Data shown Block Start
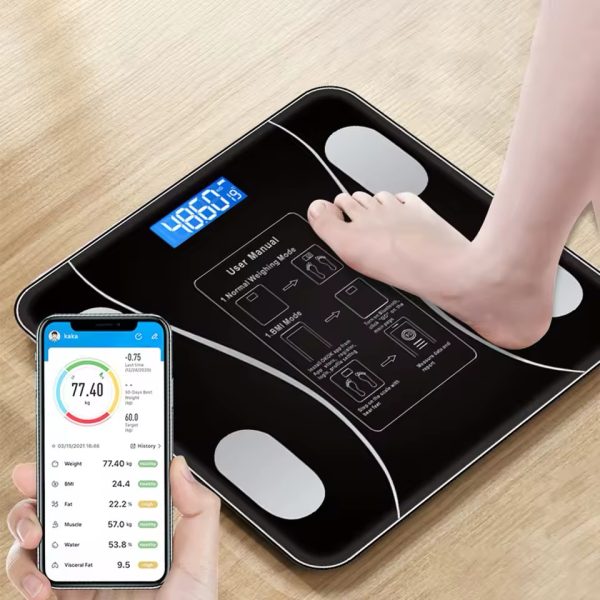 Smart Bluetooth body fat scale with LED digital display, used for measuring weight and analyzing body composition at home in Lagos Nigeria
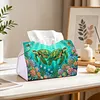 (24cm)Diamond Art Tissue Box Cover DIY PU Desktop Organizer Large(Turtle)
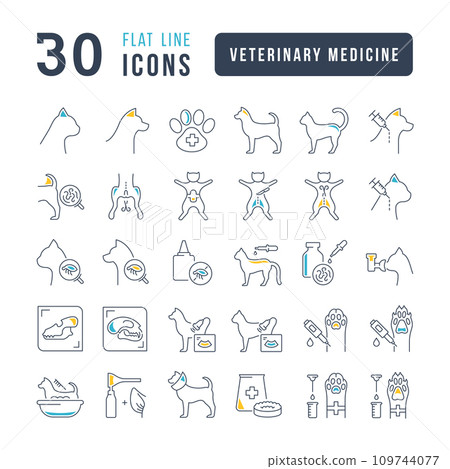 Set of linear icons of Veterinary Medicine 109744077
Data shown Block End
* [Activity]:
Please retype the data exactly as it appears, but without any of its pictures.

* [The completed task]:
 Smart Bluetooth body fat scale with LED digital display, used for measuring weight and analyzing body composition at home in Lagos Nigeria
 (24cm)Diamond Art Tissue Box Cover DIY PU Desktop Organizer Large(Turtle)
 Set of linear icons of Veterinary Medicine 109744077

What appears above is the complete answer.